_Your task:_ The answer is the exact run of lines in the listing below from the line containing "Most flowers grow" up to and including the line containing "The key, if", with pictures removed.

_Extracted information:_
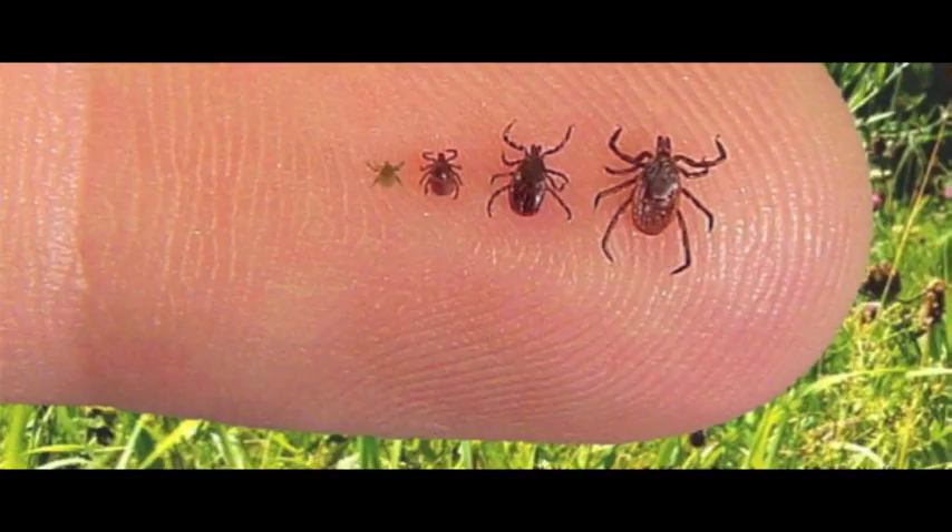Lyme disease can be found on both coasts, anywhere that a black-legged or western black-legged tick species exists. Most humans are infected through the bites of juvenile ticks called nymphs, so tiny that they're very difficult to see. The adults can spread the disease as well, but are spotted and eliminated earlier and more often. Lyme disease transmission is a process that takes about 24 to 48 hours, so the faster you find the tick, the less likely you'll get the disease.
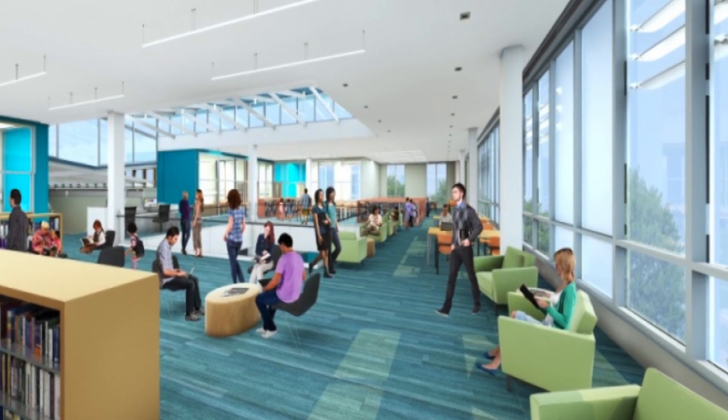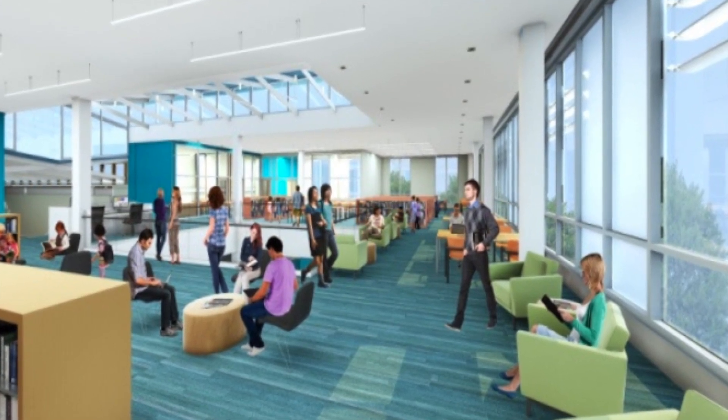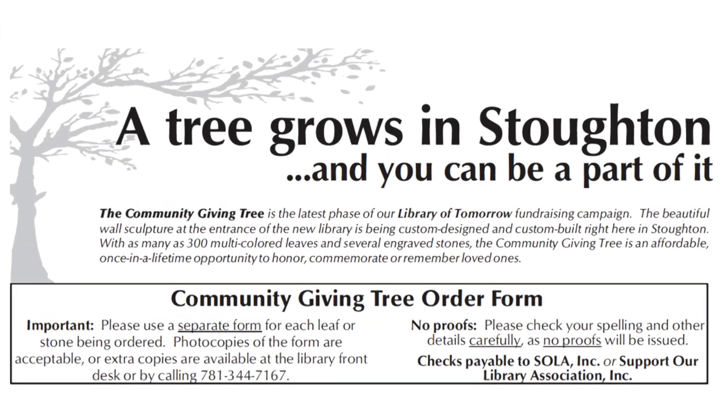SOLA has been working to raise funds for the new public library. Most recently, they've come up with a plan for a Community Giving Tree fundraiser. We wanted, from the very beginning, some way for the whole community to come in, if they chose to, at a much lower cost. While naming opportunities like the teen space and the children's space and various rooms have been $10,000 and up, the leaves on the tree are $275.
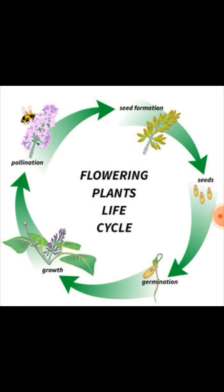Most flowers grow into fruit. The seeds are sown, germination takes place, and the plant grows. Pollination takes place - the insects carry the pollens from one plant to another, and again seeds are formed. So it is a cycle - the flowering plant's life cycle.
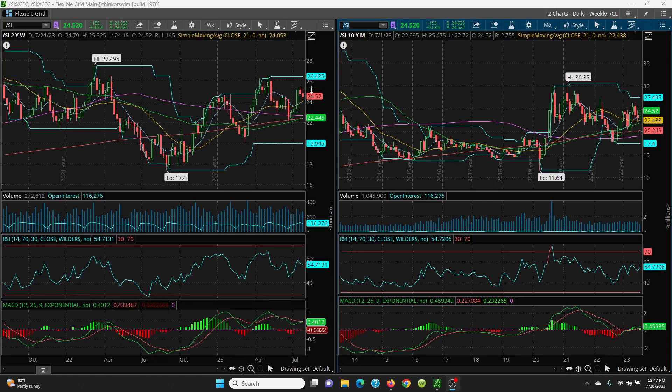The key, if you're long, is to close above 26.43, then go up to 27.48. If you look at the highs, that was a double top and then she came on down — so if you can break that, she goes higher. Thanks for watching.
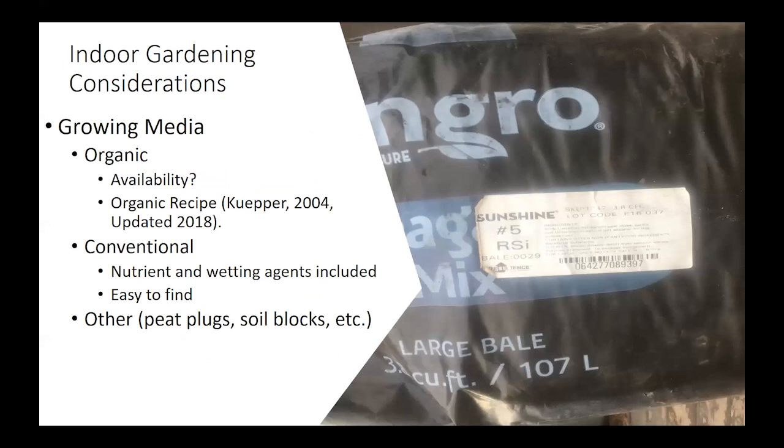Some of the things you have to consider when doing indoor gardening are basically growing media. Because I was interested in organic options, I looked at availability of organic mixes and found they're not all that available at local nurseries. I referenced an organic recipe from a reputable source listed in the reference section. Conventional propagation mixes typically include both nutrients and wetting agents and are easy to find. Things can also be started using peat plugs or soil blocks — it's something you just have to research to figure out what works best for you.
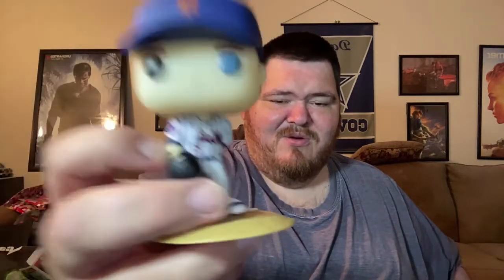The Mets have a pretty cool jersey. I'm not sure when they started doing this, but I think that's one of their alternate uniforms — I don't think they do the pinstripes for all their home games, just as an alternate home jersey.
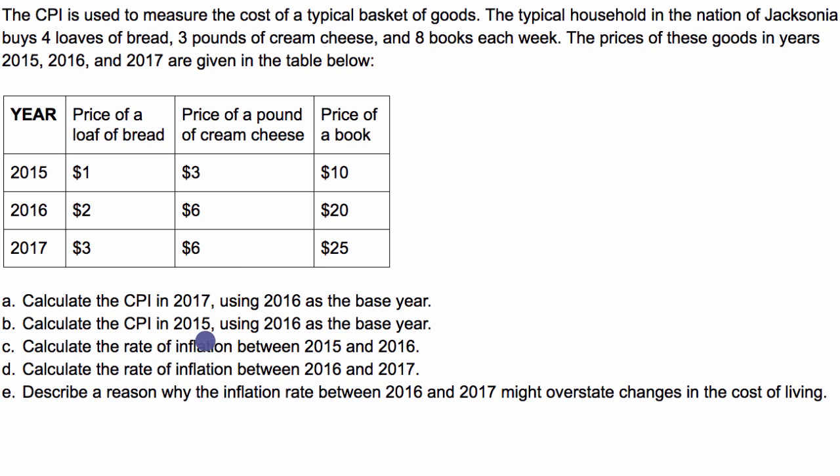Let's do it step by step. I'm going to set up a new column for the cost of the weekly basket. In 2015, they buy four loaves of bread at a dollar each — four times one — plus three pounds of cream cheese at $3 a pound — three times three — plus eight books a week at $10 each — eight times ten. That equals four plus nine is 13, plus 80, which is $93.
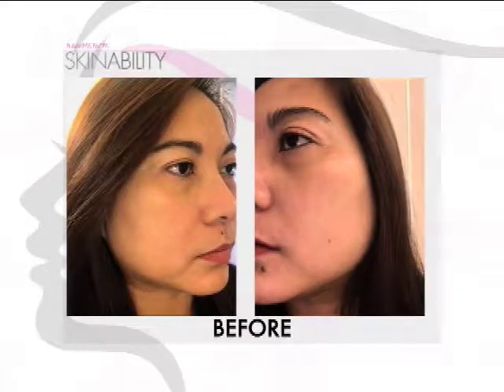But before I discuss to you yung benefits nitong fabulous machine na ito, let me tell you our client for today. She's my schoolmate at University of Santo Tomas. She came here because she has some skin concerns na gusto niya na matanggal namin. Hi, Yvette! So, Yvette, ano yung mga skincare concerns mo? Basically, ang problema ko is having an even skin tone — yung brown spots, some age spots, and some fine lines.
--
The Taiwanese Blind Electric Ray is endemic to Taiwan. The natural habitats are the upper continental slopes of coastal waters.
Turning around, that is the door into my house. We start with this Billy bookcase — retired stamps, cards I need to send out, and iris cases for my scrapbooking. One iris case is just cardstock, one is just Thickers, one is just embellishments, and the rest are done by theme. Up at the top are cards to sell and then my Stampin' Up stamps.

_Answer section:_
Most flowers grow into fruit. The seeds are sown, germination takes place, and the plant grows. Pollination takes place - the insects carry the pollens from one plant to another, and again seeds are formed. So it is a cycle - the flowering plant's life cycle.
The key, if you're long, is to close above 26.43, then go up to 27.48. If you look at the highs, that was a double top and then she came on down — so if you can break that, she goes higher. Thanks for watching.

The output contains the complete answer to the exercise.